9月8日に開幕した、令和6年度 第104回全国高等学校ラグビーフットボール大会埼玉県予選。
11月2日には準々決勝が熊谷ラグビー場Aグラウンドで行われ、ベスト4が出揃った。
なお準決勝は11月9日(土)、熊谷ラグビー場Aグラウンドでキックオフを迎える。
昌平(A1)53-0 本庄第一
昌平
熊谷ラグビー場Aグラウンドに場所を移した、準々決勝。
天候は雨。相手は本庄第一。
きっと、なにか策を立ててくるだろう。
事前の予測から、ハイパントに対応する陣形を組んでいた昌平。
それでも22m内で蹴り込まれたキックには、驚きを隠さない。前半中盤には、自陣深い位置でのディフェンス時間が続いた。

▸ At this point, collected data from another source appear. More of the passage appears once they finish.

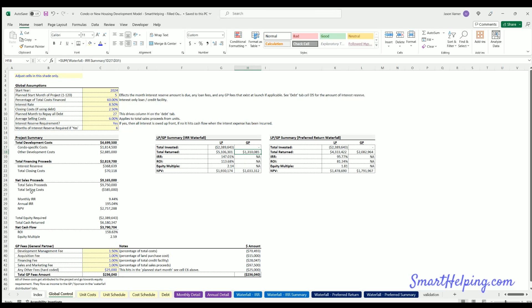Hello, welcome everybody. Jay here from SmartHelping.com. I've got a quick update on the condo development model. It's a more recent real estate model template I've built, and it's for building out new housing developments, condos, and then selling them. I've got a different version for development and rent, but this is development and sell.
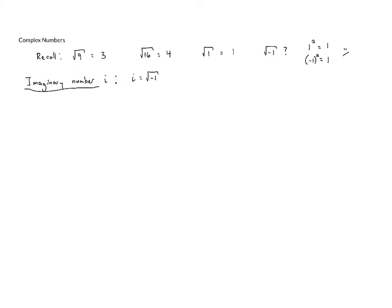And the first thing that we can do here is we can use this to take the square root of any negative number. Let's take a look at the square root of negative 9. Now, we know that we can write negative 9 as the product of 9 times negative 1. And once we've split this up, we know that negative 1 is equal to i, and the square root of 9 is equal to 3, so this gives us 3i.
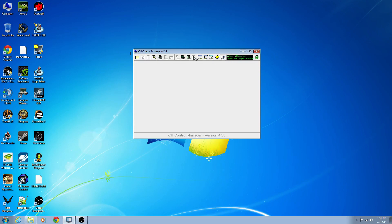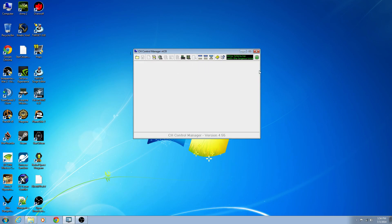What's This is very handy — it will open up the Command Finder dialog to find CMS commands that are currently in use. Then we have Exit, the profile you're editing, and the last download to the stick — in this case it was the Elite Dangerous Unimatrix profile, basically my custom mapping for Elite Dangerous.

それでも接点やブレイクダウンで後手に回ることなく、たくましく勝負を仕掛ければ守り切る。
こぼれ球への反応も随一だった。
スクラムにラインアウト、セットプレーではいくつか噛み合わないシーンはあった。
それでも横の連携は抜群で、ボールを持てばあっという間にゴール前へとたどり着く。
兼ねてより信条とする防御力に加え、攻撃力が大きく向上したことを示した一戦となった。
4トライを決めた10番・宮本和弥選手は、今年の初夏まではフルバック。
だがスタンドオフの位置につくことが増えた夏合宿以降は10番が続き、この花園予選でも背番号10番を背負う。
この日もアンストラクチャー時には後ろへ下がったが、セットプレーからの攻撃ではスタンドオフの立ち位置に入った。
背番号関係なくポジション配置につく昌平。
現在のフォーメーションにも「だんだん慣れてきた」と話す。
細身の体ながら体幹は鍛えられ、攻守の肝となる宮本選手。
圧巻のディフェンス力に加え、ボールを持った時のランコースには会場から驚きの声が上がる程だ。
現在の課題は、キャッチからパスのスピードを的確にすること。そしてパスの精度を上げること。
まだまだ伸びしろだらけの2年生。
「目標は大会通じての無失点」と、残る120分も鉄壁の防御を敷く姿勢を示した。
本庄第一
蹴って、チェイスして、タックルして。
一瞬のチャンスを狙い続けたのは本庄第一。
敵陣深くであっても、とにかくハイパントを蹴り込んだ。
前半中盤。
敵陣でのマイボールスクラムから15番・岩﨑瑛汰選手がショートパントを、続いて10番・坂本智駿キャプテンがゴールライン間際に迫る裏へのボールを蹴り込むと、この日最大のチャンスは訪れた。
しかし仕留め切れず。ゴールラインが遠い。
フリーキックでも15番・岩﨑選手のタップキックからすぐにパントを蹴り上げるなど、意表を突いたプレーでトライを狙ったが、昌平のディフェンスは固かった。
試合中何度も声を張り上げ、誰よりも笑顔でプレーしたのはSO坂本智駿キャプテン。
グラウンドを去るときにも涙を見せず、笑顔で拳を突き上げた。
「昨年もベスト8。今年は昌平が強いと分かった上で、自分たちは戦いにいきました。悲しい状態で終わりたくなかった。この1年、共同キャプテンとしてチームを引っ張ってきたからこそ、自分だけは笑顔で終わりたかった」
出し切った。
悔いもない。
これまでだったらトライを取れていたシチュエーションはいくつもあったが、そこで届かなかったのは「自分たちと昌平との強さの差」だと、気丈に受け入れた。
3人の共同キャプテンを筆頭に、チャレンジを重ねた1年間。
この日、ゲームキャプテンを務めたのはNo.8杉田脩選手。
試合後、応援席への挨拶を終えると、去り際に涙が溢れた。
「昨年、先輩たちとベスト4をかけてこのグラウンドで戦いました。今年こそは勝って、さらに良い景色を保護者の方やサポートして頂いている方たちに見せたかった」
受け止めたのは、もう1人のキャプテン・HO澤田晃希選手だった。
これで2年続けてのベスト8となった本庄第一。
この壁を、後輩たちには超えてもらいたい。
「本庄第一として新井先生がやりたいラグビーは、去年のようなボールを動かし続ける展開ラグビー。今年、僕たちにはそのスキルがなかった。だから後輩たちには、スキルを磨いて、自分たちの強みを一つでも作っていって欲しいです」(坂本キャプテン)
「埼玉で一番の練習をすれば、新井先生と菊池コーチについていけば、絶対にベスト8を乗り越えて花園に行けるチームだと思う。1日1日の練習を大切にして欲しい」(杉田キャプテン)
チャレンジャーだった3年間。
笑顔と涙で、グラウンドを去った。